Un dossier coordonné par Ingrid Tucci, Aurélie Peyrin et Marie Plessz (CMH-INRAE) dans la Revue française de sociologie
Ce numéro thématique offre un panorama des méthodes mixtes, soulignant leur pertinence et leur complexité. Il explore les débats théoriques et méthodologiques que soulèvent cette approche méthodologique, et en illustre les défis et les apports de sa mise en œuvre dans la recherche en sciences sociales, particulièrement en France. La combinaison des données et des méthodes quantitatives et qualitatives est une pratique ancienne et bien ancrée en sciences sociales, y compris en sociologie française, bien qu'elle ait été moins formalisée qu'outre-Atlantique. La littérature anglophone a en effet développé un champ spécifique, nommé "Mixed Methods Research" (MMR), structuré autour de discussions et de propositions méthodologiques. Ce numéro thématique consacré propose justement de faire dialoguer la sociologie française avec le champ des MMR.

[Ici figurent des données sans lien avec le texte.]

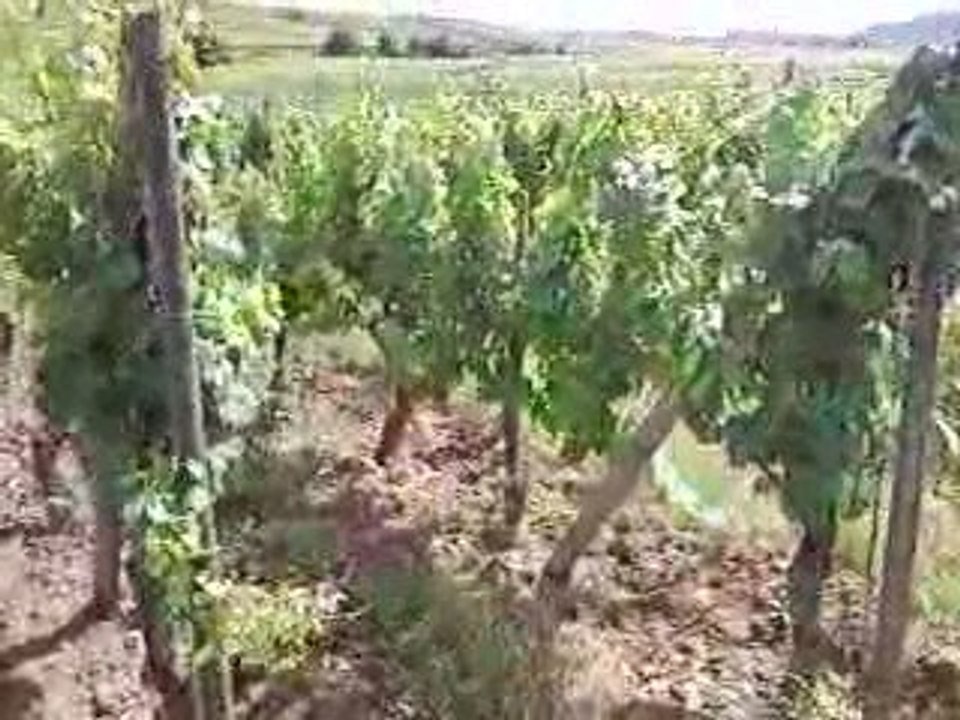 Hausherr Hubert et Heidi nos vignes bio : Eichberg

L’introduction du numéro par les coordinatrices retrace la genèse du champ MMR à la fin des années 1980, initié par des chercheurs de plusieurs disciplines. Ce champ a connu un essor considérable, prenant la forme de publications, de revues spécialisées comme le Journal of Mixed Methods Research (JMMR), et d’associations internationales comme la "Mixed Methods International Research Association" (MMIRA). Plusieurs concepts et débats centraux discutés dans cette littérature anglophone sont présentés dans cette introduction. Les autrices reviennent également sur l'intégration, terme central, qui désigne la manière dont les matériaux, les approches et les résultats quantitatifs et qualitatifs sont articulés tout au long d'une recherche. Sont présentés, également les protocoles servant à guider la conception des recherches mixtes. Ces protocoles, de plus en plus nombreux au fil des années, sont critiqués lorsqu’ils simplifient excessivement la complexité et le caractère évolutif des processus de recherche. Mixer les méthodes et les matériaux requiert de la créativité et de surmonter de nombreux défis, parmi lesquels on peut citer une tendance à mener les analyses séparément, limitant la combinaison effective des données et des résultats ; la nécessité pour les chercheurs de posséder des compétences solides dans les techniques d'analyse appropriées pour chaque type de matériau ; des difficultés pour publier les résultats de protocoles mixtes en raison de la spécialisation des revues et des évaluateur·rices.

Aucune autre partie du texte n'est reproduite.